• **EXERCISE OBJECTIVE**: Set every record down verbatim and omit the pictures.
[DATA SECTION — start]
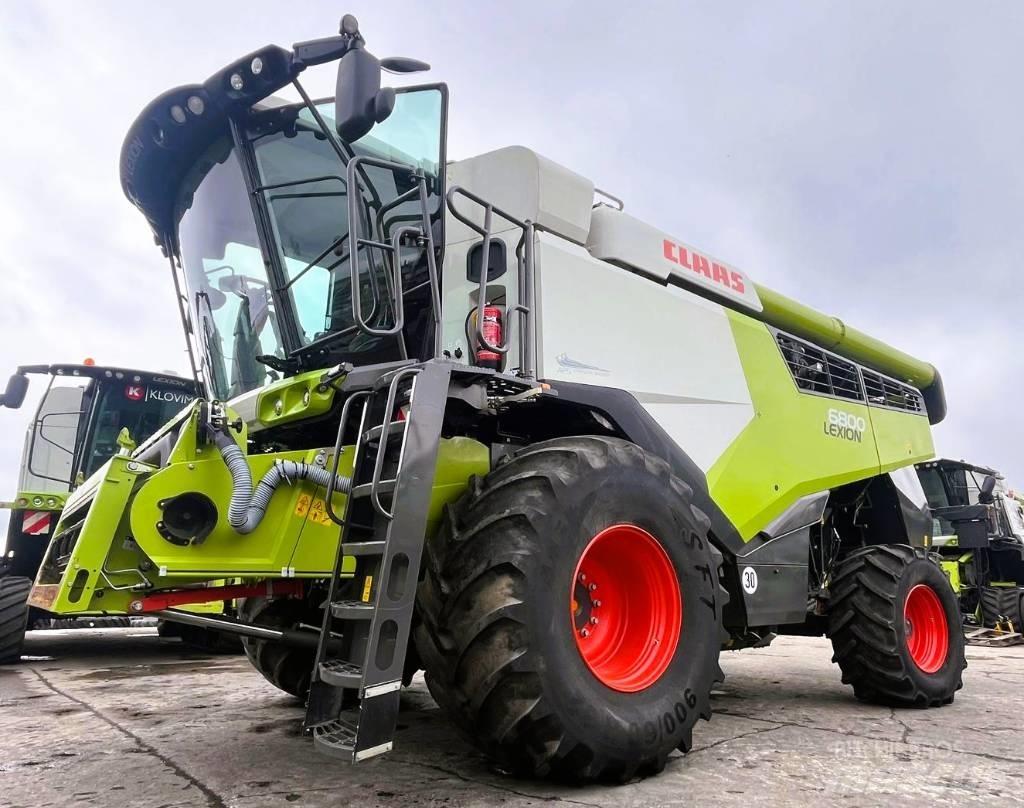 CLAAS Lexion 6800 Maaidorsmachines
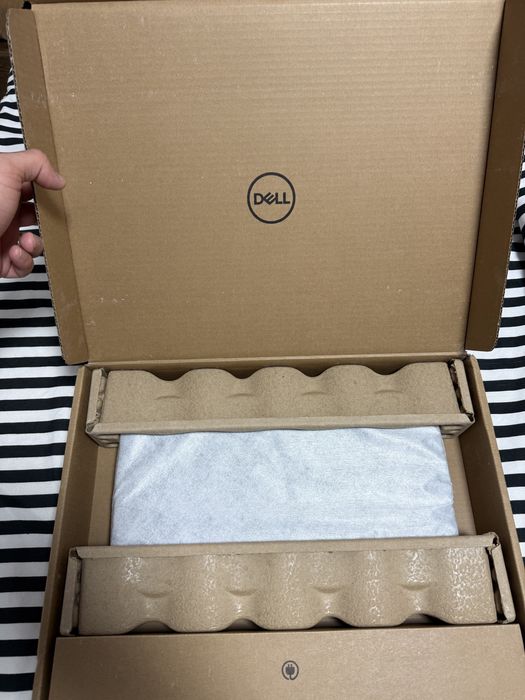 Leptop Dell 15 DC15250, 15.6 inch 1920 x 1080, Intel  Core 3 100U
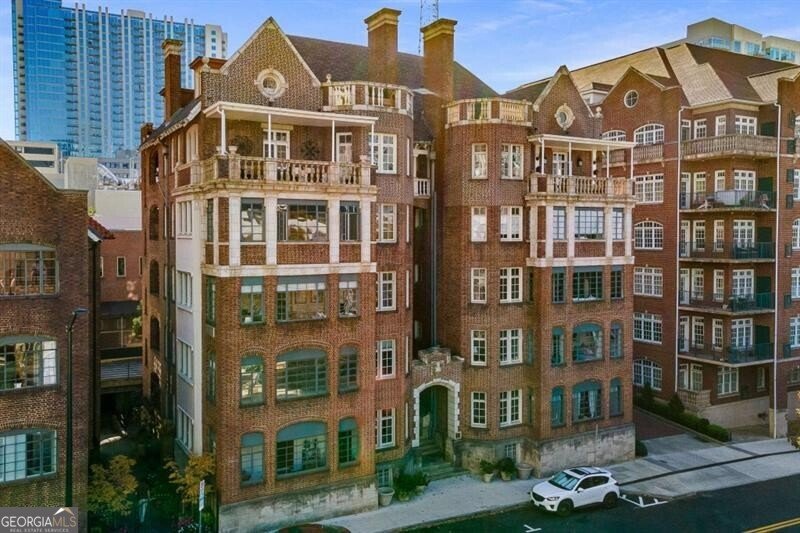 81 Peachtree Place Atlanta - Photo 1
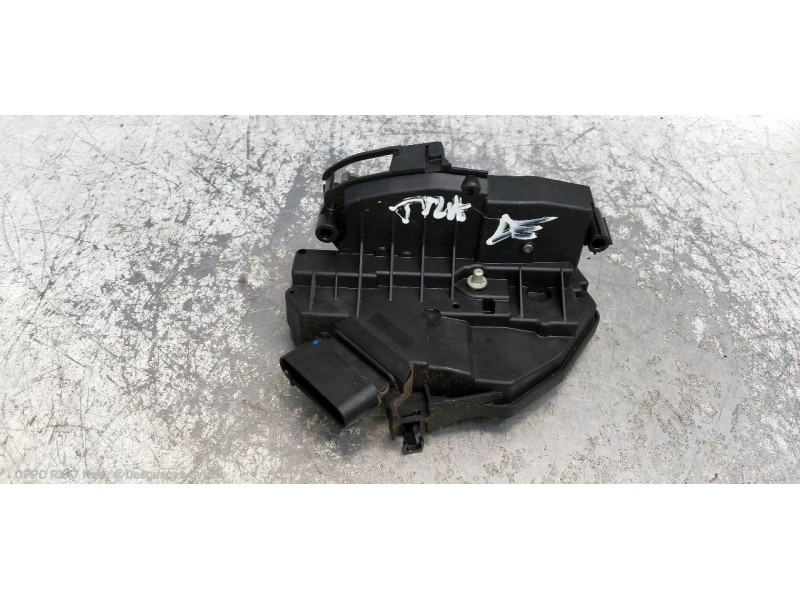 Recambio de motor cierre centralizado trasero derecho para ford focus lim. business referencia OEM IAM BM5AA26412AG  5P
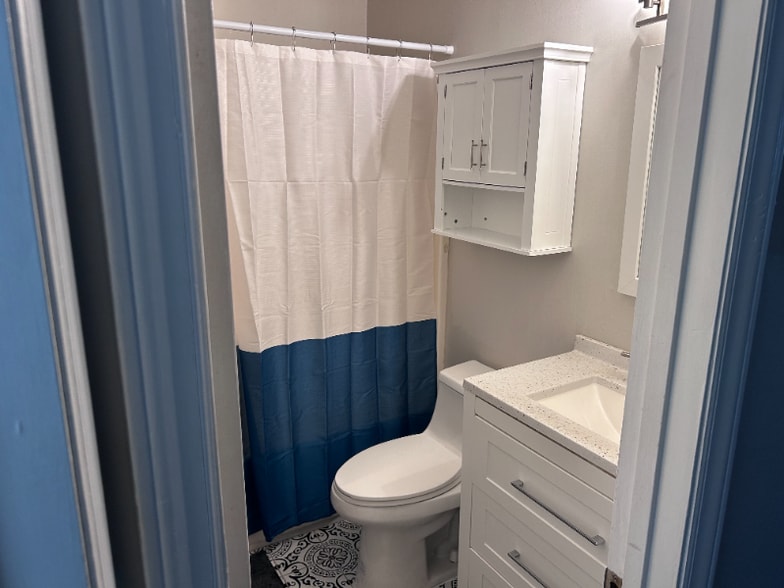 Building Photo - 318 Moir St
[DATA SECTION — finish]
• **TASK SOLUTION**:
 CLAAS Lexion 6800 Maaidorsmachines
 Leptop Dell 15 DC15250, 15.6 inch 1920 x 1080, Intel  Core 3 100U
 81 Peachtree Place Atlanta - Photo 1
 Recambio de motor cierre centralizado trasero derecho para ford focus lim. business referencia OEM IAM BM5AA26412AG  5P
 Building Photo - 318 Moir St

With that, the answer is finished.